LAST Saturday was World Teachers’ Day. It is now universally recognised that teachers — their ability, integrity, competence and compassion — are the key determinants of the quality of education a country offers to its children.
A good teacher is an asset and to a great extent atones for the flaws in a system that produces shoddy textbooks, schools lacking decent infrastructure and missing library and laboratory facilities. Above all a teacher — who cares, inspires, and is innovative— can transform a child’s life.
So the idea of a Teachers’ Day is a brilliant one. Teachers also deserve appreciation and what better way can there be to boost their morale than recognition from their students?
The teacher I specially want to pay tribute to was not my teacher. She was more. She was my daughters’ teacher at my alma mater, the St Joseph’s Convent (SJC) school in Karachi. She was Sister Zinia Pinto, who gave strength to thousands who passed through the school’s portals and was a guide for their parents.
Sister Zinia remained closely identified with the SJC for over 50 years as she steered the school with a steady hand as the principal from 1966 to 1999 through the stormy shoals that characterised education in Pakistan — a period when nationalisation, denationalisation, privatisation and the commercialisation of schools ruined the structure of education in the country. On Sept 7, which would have been her 81st birthday had she lived — she died on June 4, 2013 — the alumni and students of the SJC gathered to pay tribute to a person who was loved and cherished by all whose lives she had touched. Colleagues, fellow nuns, and parents whose children had been under her tutelage were present.
There was a magic about Sister Zinia that enchanted people. The flood of adjectives and the richness of description in the speeches made on the occasion clearly demonstrated what an extraordinary life was being celebrated. They ranged from “esteemed”, “outstanding”, “giver of strength”, “visionary”, “mentor” and “role model” as teacher, administrator and principal, to “accomplished individual” who could assert her quiet moral authority.

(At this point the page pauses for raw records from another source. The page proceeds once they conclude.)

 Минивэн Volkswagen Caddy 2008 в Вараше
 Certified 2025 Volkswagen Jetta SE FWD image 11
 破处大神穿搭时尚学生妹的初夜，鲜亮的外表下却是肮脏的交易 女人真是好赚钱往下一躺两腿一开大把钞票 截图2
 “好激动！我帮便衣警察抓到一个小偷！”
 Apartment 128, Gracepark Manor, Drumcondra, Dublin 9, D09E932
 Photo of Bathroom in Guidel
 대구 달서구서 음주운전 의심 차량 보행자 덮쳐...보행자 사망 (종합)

Each of these reflect on her professionalism because a professional is not a robot that is programmed to act in a particular way. The first quality a teacher must have, and Sister Zinia had it in abundance, is the human touch. The anecdotal evidence presented by speaker after speaker kept the audience glued to their seats, laughing and crying at the same time. While she was a disciplinarian of the highest order, a child was a child to be handled gently. “You have come here for educational purposes and not for recreational purposes,” she was fond of reminding students who were not too inclined to study. But then study they did as the SJC results year after year showed. That was the teacher in her.
There was also the administrator in her who understood the child. Many of the ideas being expounded now had been implemented 30 years ago by the SJC under Sister Zinia. She did not hold exams in the primary school and most children were promoted at the end of the year. She felt it was wrong to diminish a child by ranking students when reports were given. She would say that if she had her way a child would not be sent to school before eight years of age. That is how it had been with her and she did not feel she had lost out in any way.

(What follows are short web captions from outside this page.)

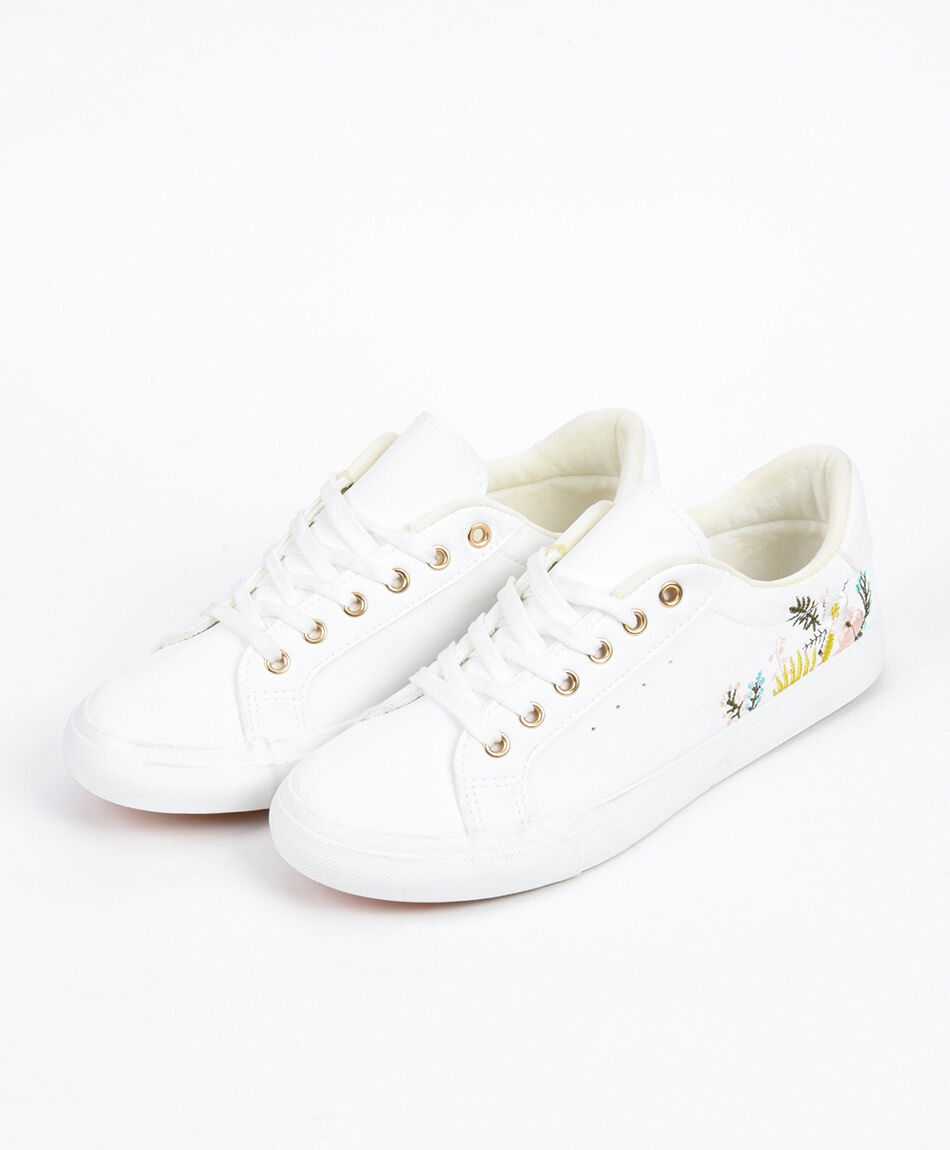 Zapatilla mujer flor bordada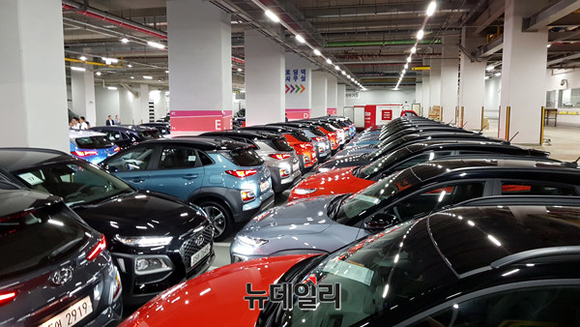 ▲ 시승을 위해 대기중인 코나ⓒ뉴데일리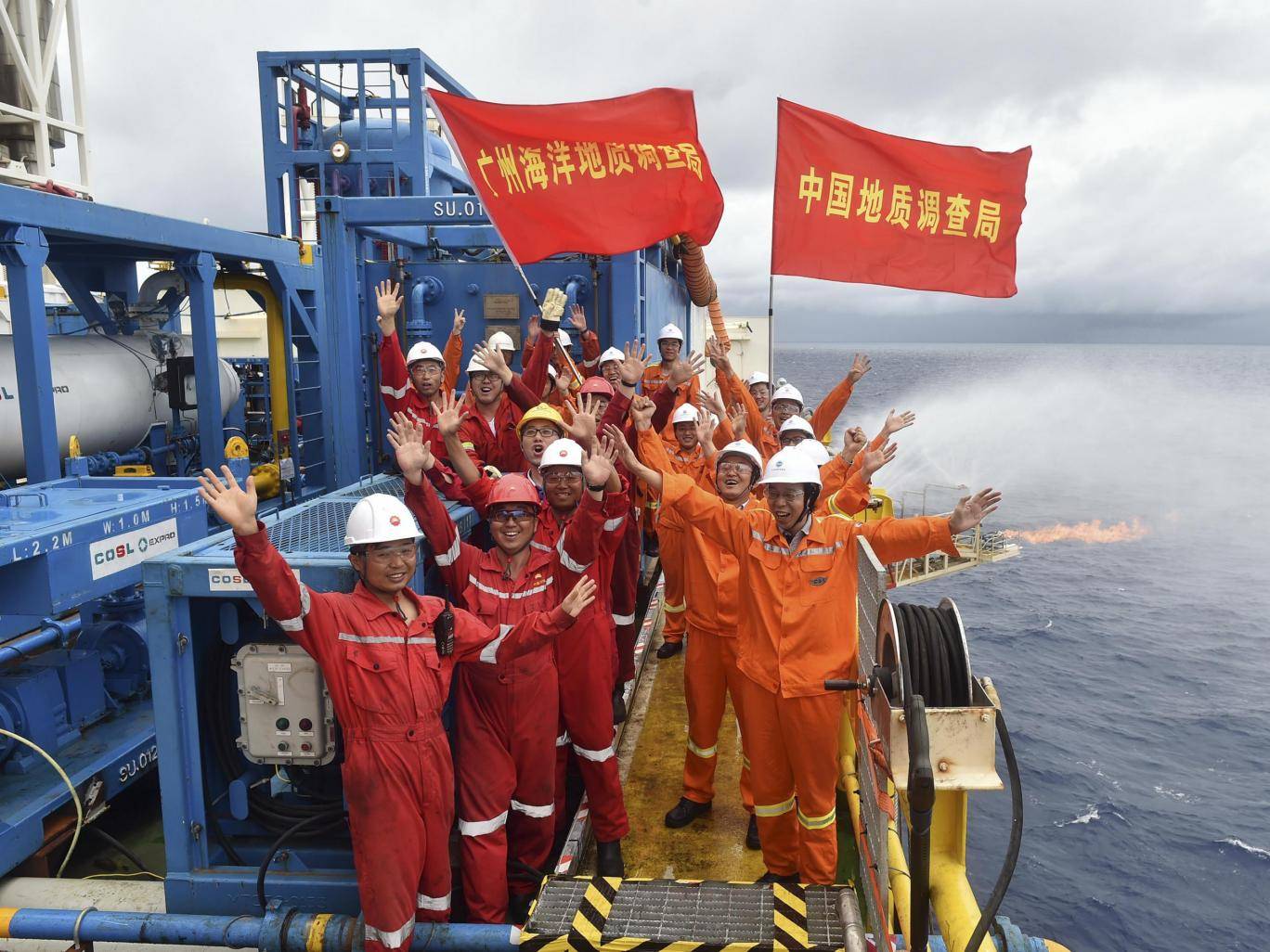 اليابان والصين تستخرج "جليد قابل للاحتراق" من البحر قد يستبدل البترول 5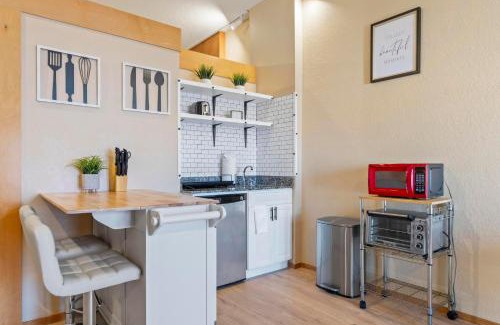 Palm Coast Apartment | European Village King Suite Retreat: Unwind, Explore, Beach, Work!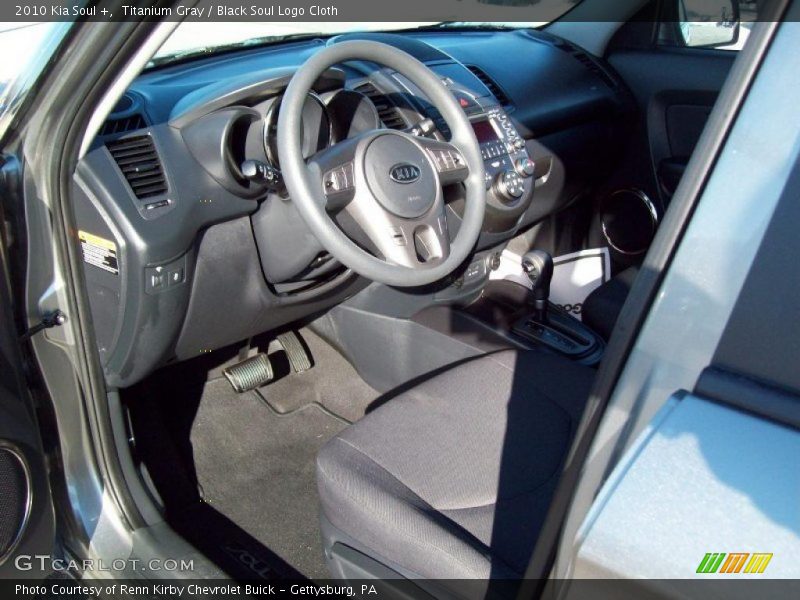 Titanium Gray / Black Soul Logo Cloth 2010 Kia Soul +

Her forte as an educationist? Her intuitive ability to blend the old and the new. She knew which traditions and conventions had to be retained to give the school a sense of continuity and stability and what new disciplines and pedagogical methods had to be introduced to help keep it abreast with the times. Sister Zinia had the foresight and the vision to anticipate the dawn of the computer age in education. Though computer illiterate herself, she was the first educationist in Pakistan to push for computer education for which she was awarded a shield sometime in the ’90s.
All this was in the academic field. Behind the professional exterior was a warm heart full of tolerance and ears that were always willing to listen. As a devout Christian missionary — she took her vows as a Daughter of the Cross in Belgium in 1958 — one would have thought that her interest in the temporal would be limited. But that was not so. Viewing all humans as the best creation of God, Sister Zinia wanted to help them all.

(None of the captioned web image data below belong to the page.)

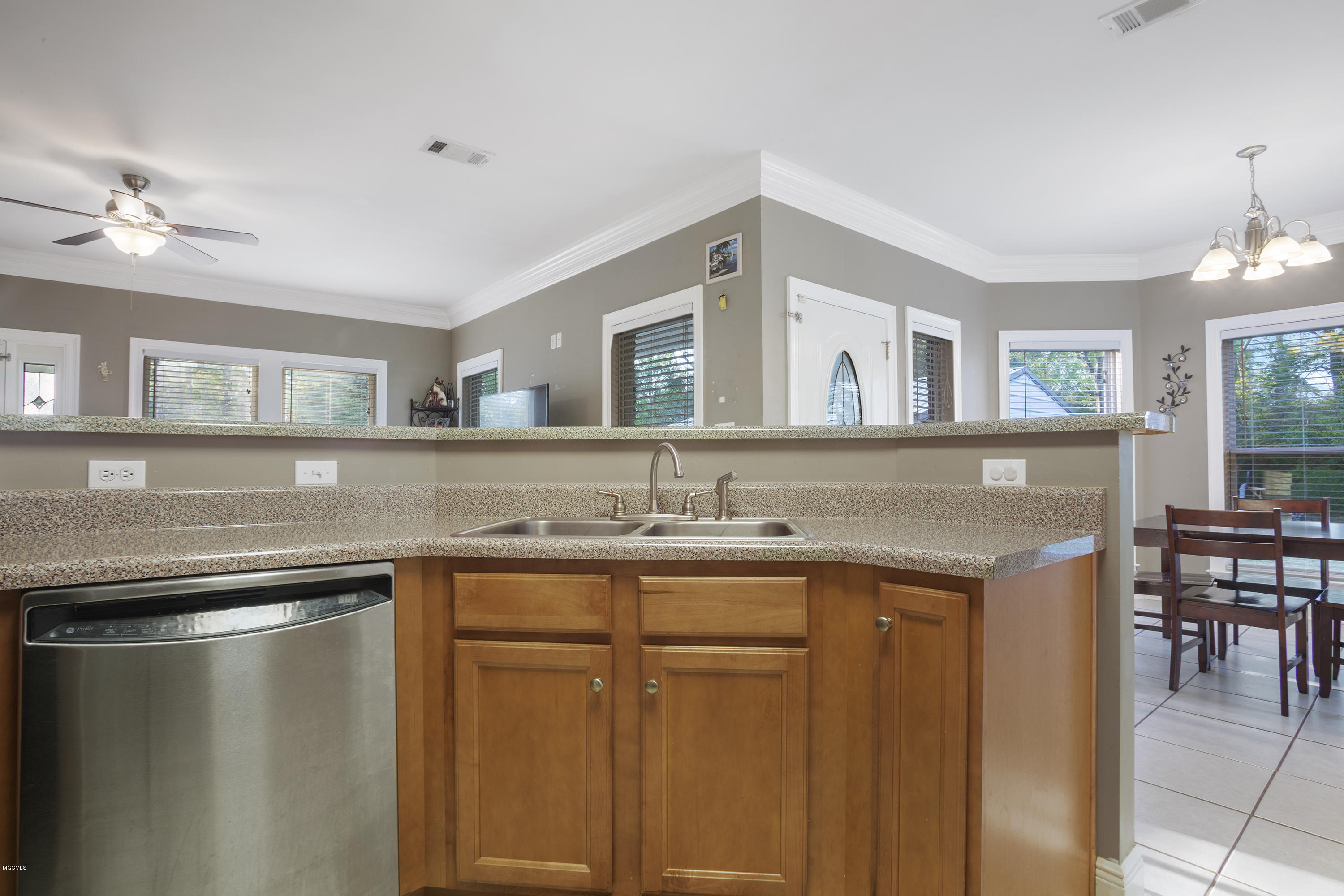 12260 Sheffield Road Gulfport, MS 39503 - Photo 8 of 23 008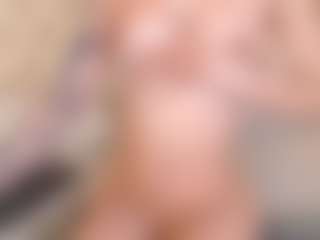 Live cam show with Sia-Foxx01 - Striptease on Camsoda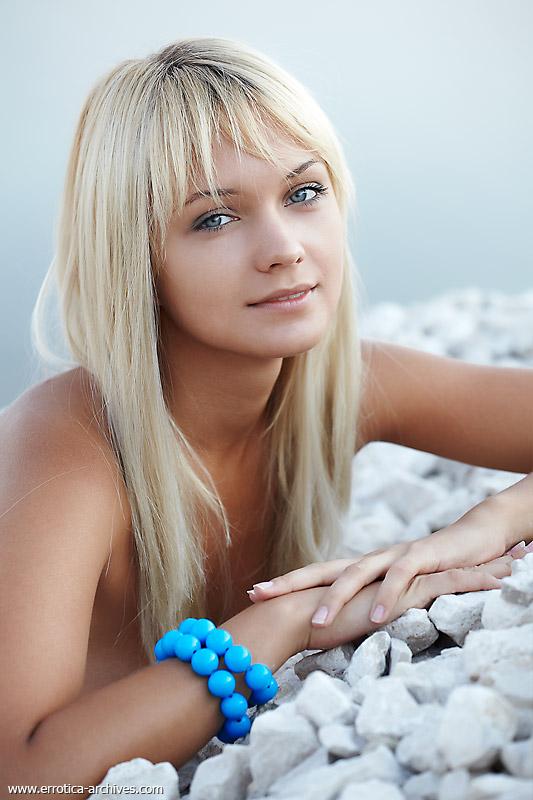 Wonderful young girl is posing on rocks - Lada - 5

Education was the field she had chosen and she excelled in it and her services were for the people of this country — mostly Muslims — who she had come to serve from Goa in 1953. She was above all prejudices and a good representative of Christianity whose main goal was the service of humanity. It is people like these who foster love and solidarity among communities, whatever be their faith. The presence of such people is needed on both sides to make connections and forge links between faiths. As the bigger community in Pakistan, Muslims should be extending the hand of friendship to all others.
This is unfortunately missing. Hence it was a great gesture from the SJC Alumni to arrange a solidarity meeting last week to express support in the wake of the attacks on the All Saints Church in Peshawar. Let more flowers of solidarity bloom.